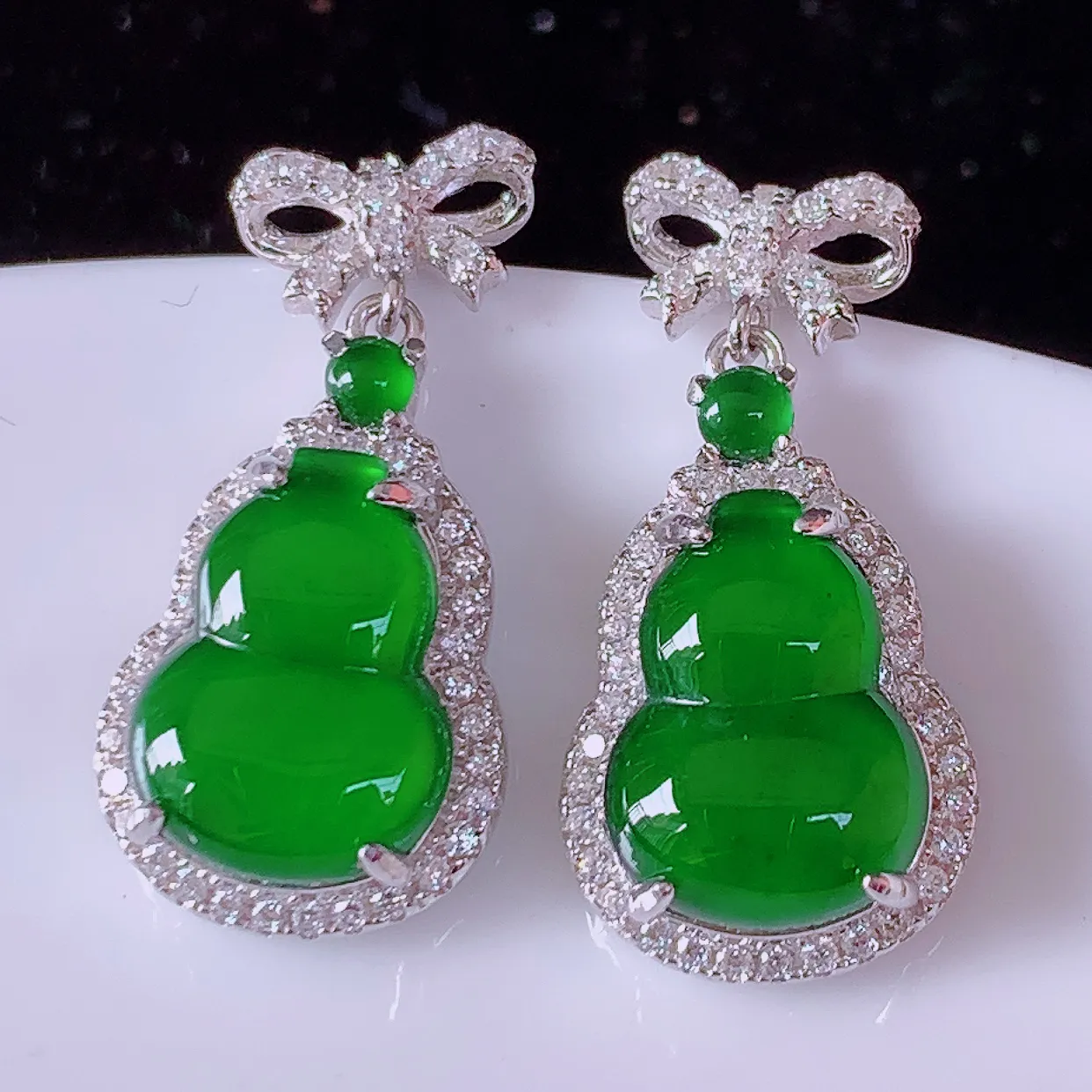 冰透满绿翡翠925银镶嵌葫芦耳坠，自然光实拍，翠色灵动，颜色漂亮，种老水足，品相佳，佩戴佳品！#97.28整体23*11.5*5.2裸石12-8.8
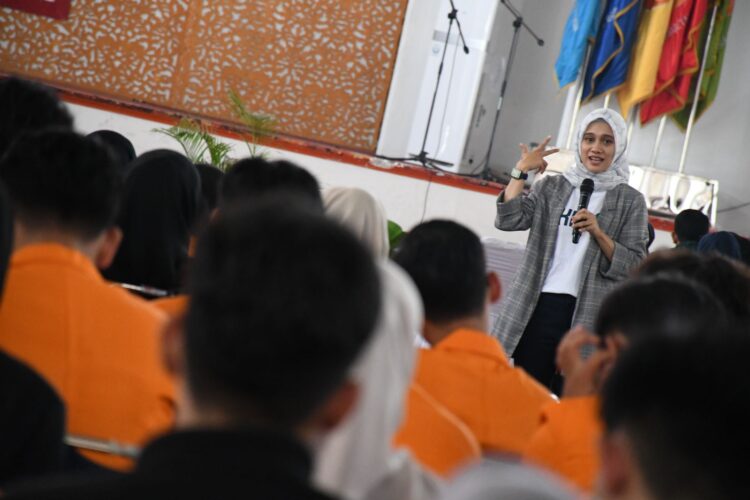 Kepala Unit Humas & Kesekretariatan PT Semen Padang Nur Anita Rahmawati memberikan materi pada Semen Padang Mengajar. IST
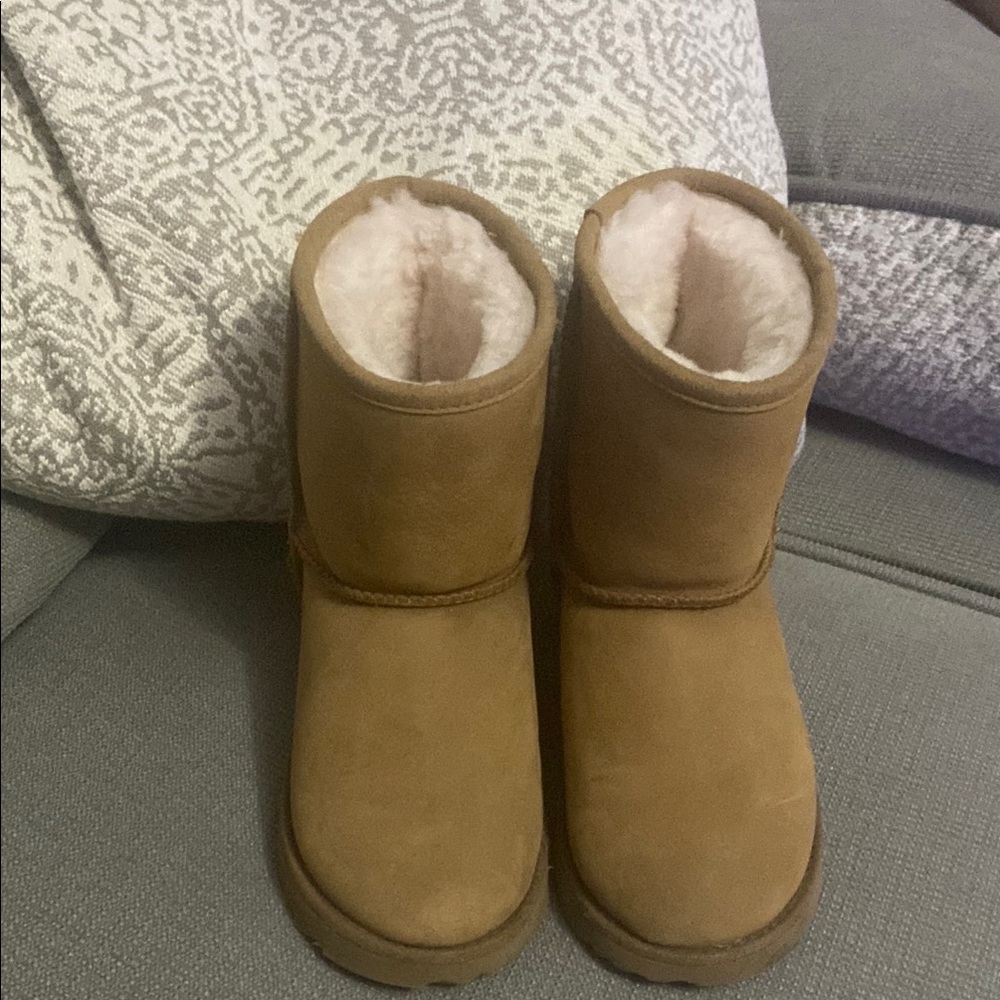 UGG Classic Tan Boots with Shearling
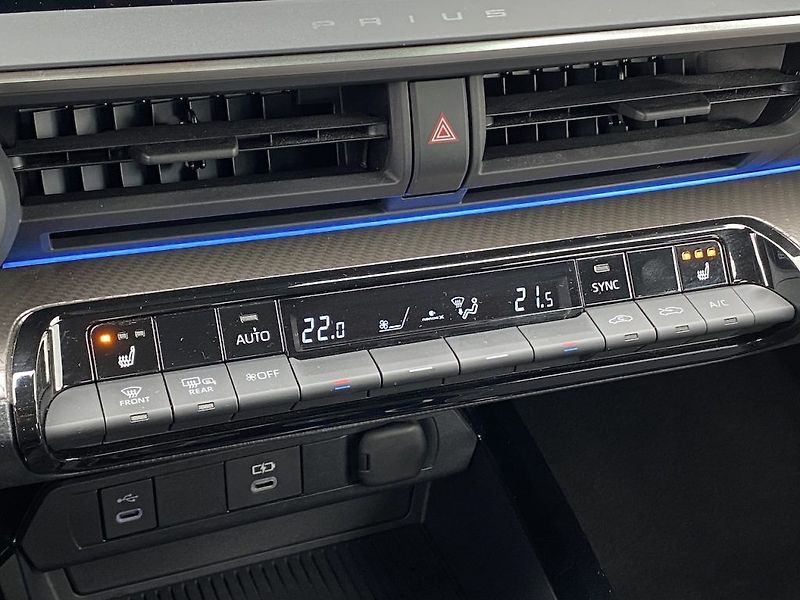 Toyota Prius 2.0Plug-in, ČR-1m, Prestige - fotka 23 z 34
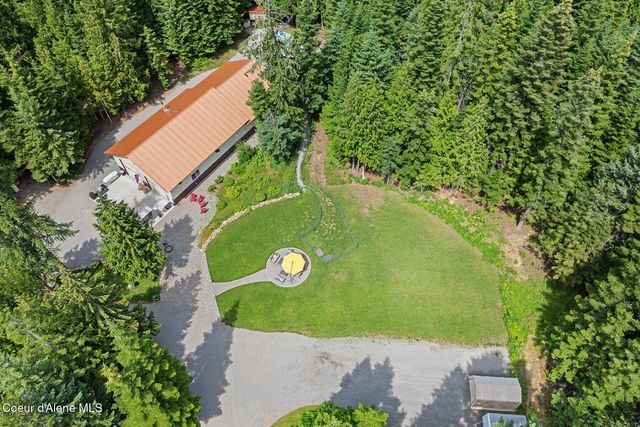 24721 N Teddy Loop, Rathdrum, ID 83858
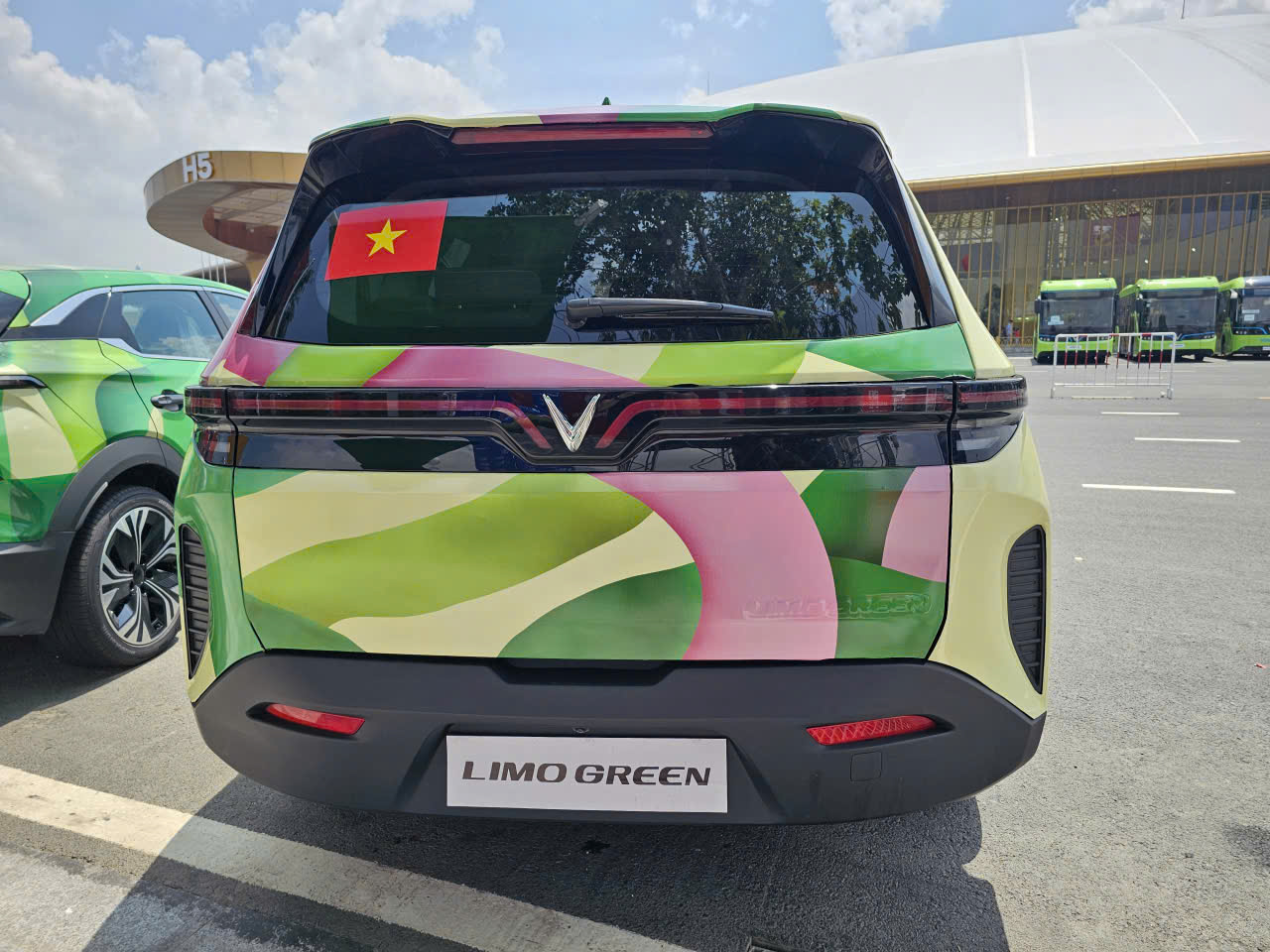 Cận cảnh dàn xe điện VinFast màu "độc lạ" lần đầu xuất hiện tại triển lãm lớn nhất lịch sử- Ảnh 3.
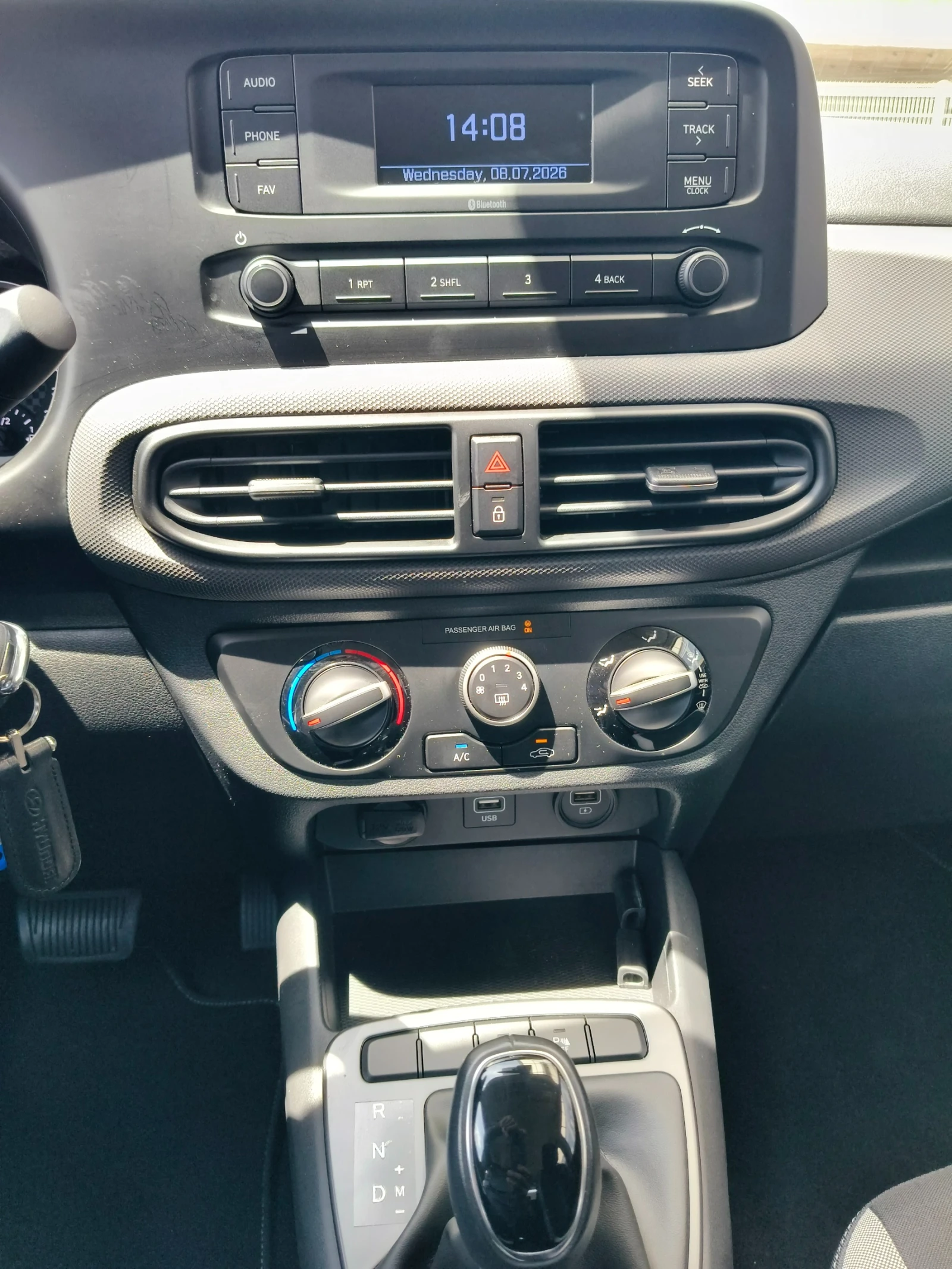 Hyundai I10 COMFORT, снимка 11 - Автомобили и джипове - 55439584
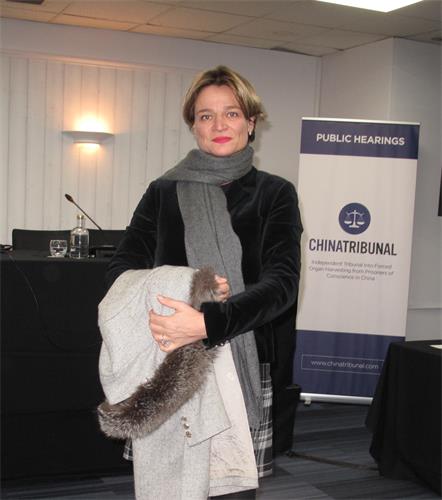 图5：二零一八年十二月十日，国际法律顾问丝塔芙·史碧娜（Steffi Spinae）出席“独立人民法庭”伦敦听证会。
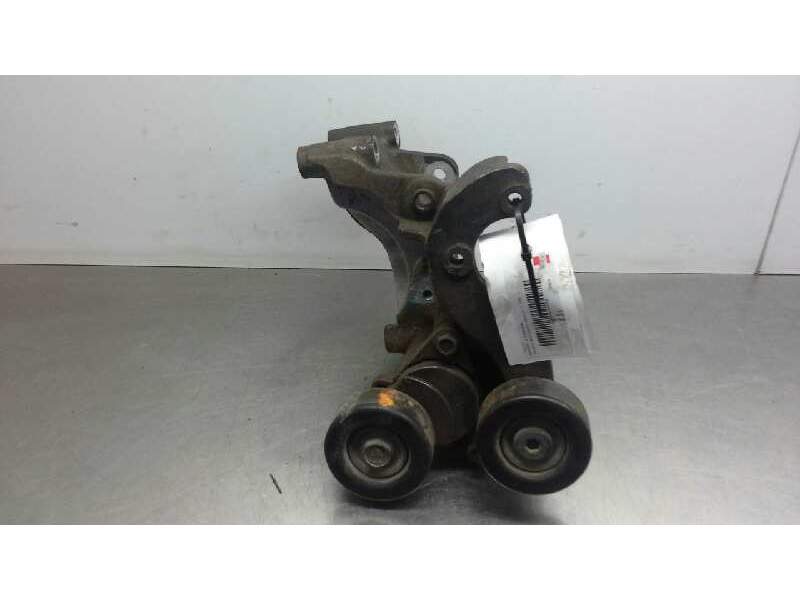 Recambio de soporte alternador para hyundai getz (tb) 1.5 crdi cat referencia OEM IAM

◇ ◇ ◇ ◇ ◇ ◇ ◇

What the task requires —
Return exactly, and only, the lines that run from the line containing "Toyota Prius 2.0Plug-in, ČR-1m, Prestige" to the last line of the entries above, both ends included, with pictures left out.

Response below —
 Toyota Prius 2.0Plug-in, ČR-1m, Prestige - fotka 23 z 34
 24721 N Teddy Loop, Rathdrum, ID 83858
 Cận cảnh dàn xe điện VinFast màu "độc lạ" lần đầu xuất hiện tại triển lãm lớn nhất lịch sử- Ảnh 3.
 Hyundai I10 COMFORT, снимка 11 - Автомобили и джипове - 55439584
 图5：二零一八年十二月十日，国际法律顾问丝塔芙·史碧娜（Steffi Spinae）出席“独立人民法庭”伦敦听证会。
 Recambio de soporte alternador para hyundai getz (tb) 1.5 crdi cat referencia OEM IAM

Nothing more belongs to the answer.